Se apagaban las últimas brasas del día. Las hojas blancas del cuaderno donde hacía los deberes se oscurecían de a poco en la mesa del comedor cuando su madre entró nerviosa.
-Andá a encerrarte en el cuarto. Te llamo en un rato -dijo ella con voz quebrada.
Sin decir palabra, él levantó sus cosas y se dirigió a su habitación. No era la primera vez que escuchaba aquella orden de su madre.
Cerró la puerta tras de sí e ingresó a su cuarto. Las paredes llenas de posters de bandas de rock y las repisas llenas de libros de ficción siempre estaban para acompañarlo en tardes como aquella.
Desde el otro lado llegaron los primeros ruidos. Las viejas maderas del suelo chocaban entre sí al paso de varios pares de pesadas botas que entraban y salían de la casa rompiendo el haz de luz que entraba por la puerta de su cuarto. Una vez las sombras dejaban de correr, volaban los corchos de botellas destapadas para servir al vals de jarras y cartas que danzaban por encima de la mesa
Pasando la noche, aquel mundo no hacía más que crecer, ahora golpes y gritos parecían exigir su entrada desgarrando la puerta. El niño repleto de miedo y con la espalda pegada a la pared veía cómo la silla que trancaba la perilla tambaleaba y parecía a punto de caerse. Parecía que aquel extraño mitin metería sus garras por la puerta para arrancarlo de allí, siempre lo pensaba, pronto aquellas noches de gritos y golpes se tragarían la casa, y su cuarto no escaparía de toda aquella oscuridad, caería en ese horrible embudo de sombras tal y como su madre lo había hecho años antes.
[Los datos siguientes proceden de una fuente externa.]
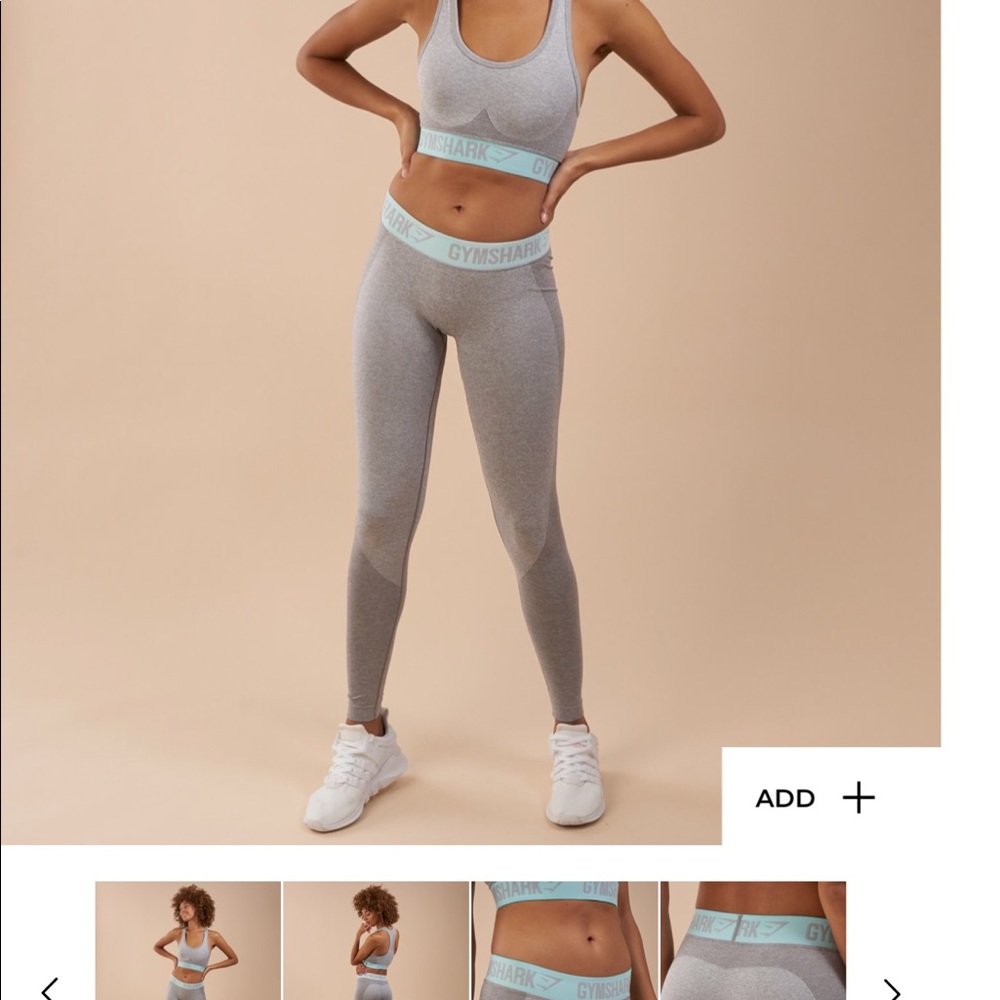 Gymshark Flex leggings!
-¿Hasta cuándo? -se decía para sí.
Y volvía a aquellas tardes, las otras tardes, donde la oscuridad aguardaba lejos de su hogar, años atrás, meriendas entre bizcochos, risas y barajas con música altísima de fondo se proclamaban dignas de las quejas de los vecinos, pidiendo el silencio en la cuadra.
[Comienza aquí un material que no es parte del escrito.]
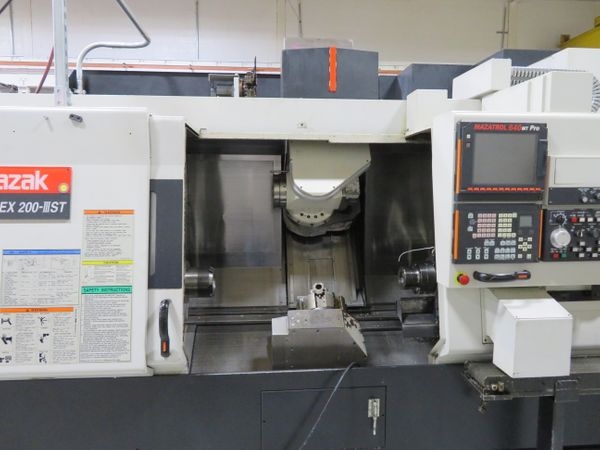 MAZAK-INTEGREX 200IIIST-6413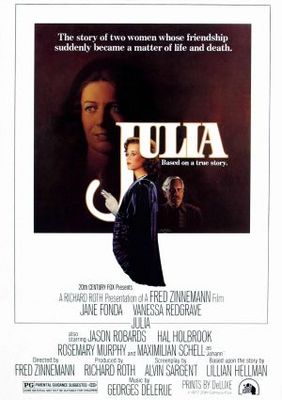 Julia movie poster (1977) magic mug #MOV_991e4a6c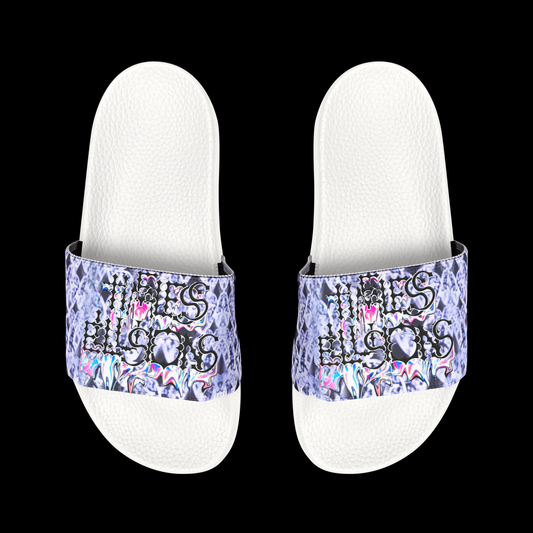 White Trance slides (Men’s)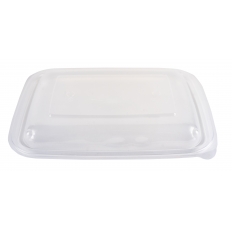 Wieczko wielorazowe PP Gbox Air MONO 250x185x19mm L 50szt. |8| Wieczko wielorazowe PP Gbox Air MONO 250x185x19mm L 50szt. |8|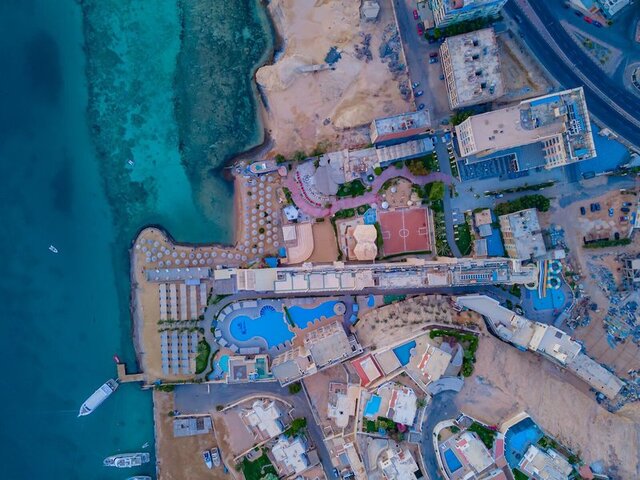 Sphinx Aqua Park Beach Resort ★★★★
Su padre los había abandonado a ambos, supo volver a formar una familia lejos del pueblo, desde entonces las tardes de risas y meriendas nunca se volvieron a escuchar por el barrio. La puerta de su cuarto nunca volvió a abrirse.
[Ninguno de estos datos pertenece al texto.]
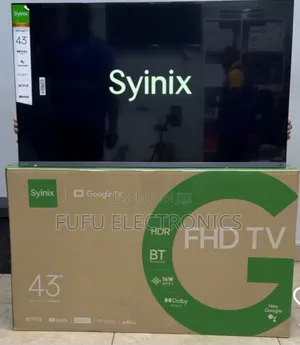 Photo - Synix Smart Tv
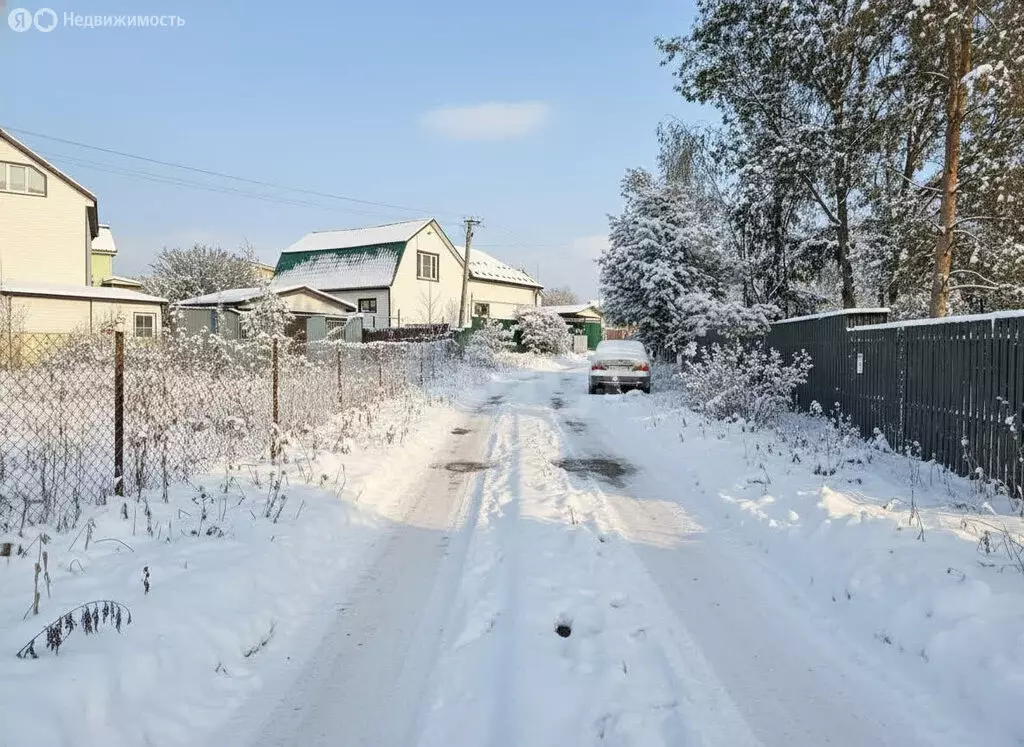 Участок в Виллозское городское поселение, садоводческое некоммерческое ... - Фото 2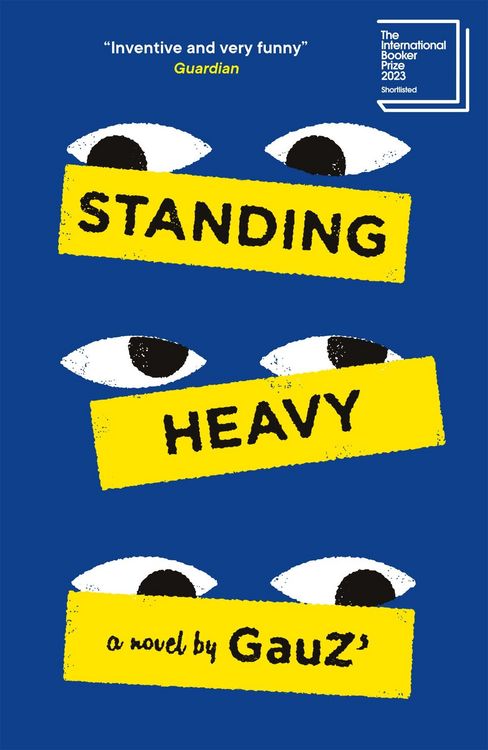 Produktbild: Standing Heavy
Volvía a recordar aquellos años llenos de luces donde su hogar explotaba en algarabía día tras día. Y es que solo volviendo, los minutos pasaban y la oscuridad solo parecía estar de visita por aquella casa.
Así concilió unas pocas horas de sueño que fueron suficientes para que al despertar todo estuviera calmo, la luz del sol incendiaba su cuarto, el otro mundo parecía haberse ido. Se despojó de las sábanas que lo cubrían y se levantó lentamente de la cama, luego de vestirse, llenó sus pulmones de aire y quitó la silla, abrió despacio la puerta, el resto de la casa, aparecía impecable tras ella.
-Ya está la comida -oyó decir a su madre.
En el comedor de la cocina lo esperaba un vaso de leche junto a una bolsa llena de bizcochos. Su madre se sentó frente con él para verlo, sus ojeras eran testigo de los cientos de noches en vela, no pudo contener su angustia, y saltó sobre él para abrazarlo, ríos de lágrimas que corrieron por la espalda de su hijo.
En los tiempos que corren, algunas de las puertas se cierran y otras se abren, aún se ven pasar luces y sombras, como en cualquier casa, pero desde aquel día no hubo entrada para el mar de gritos y golpes que arrasaba con todo, la silla que evitaba su entrada fue puesta en la cocina junto a la de ambos, esperando junto a bolsas de bizcocho a aquel vecino amigo que, llegado con cartas en el bolsillo para pasar la tarde, decide acoplar su risa a la de aquella pequeña familia cuya algarabía desbordaba por las ventanas y puertas de lo que volvió a ser un hogar.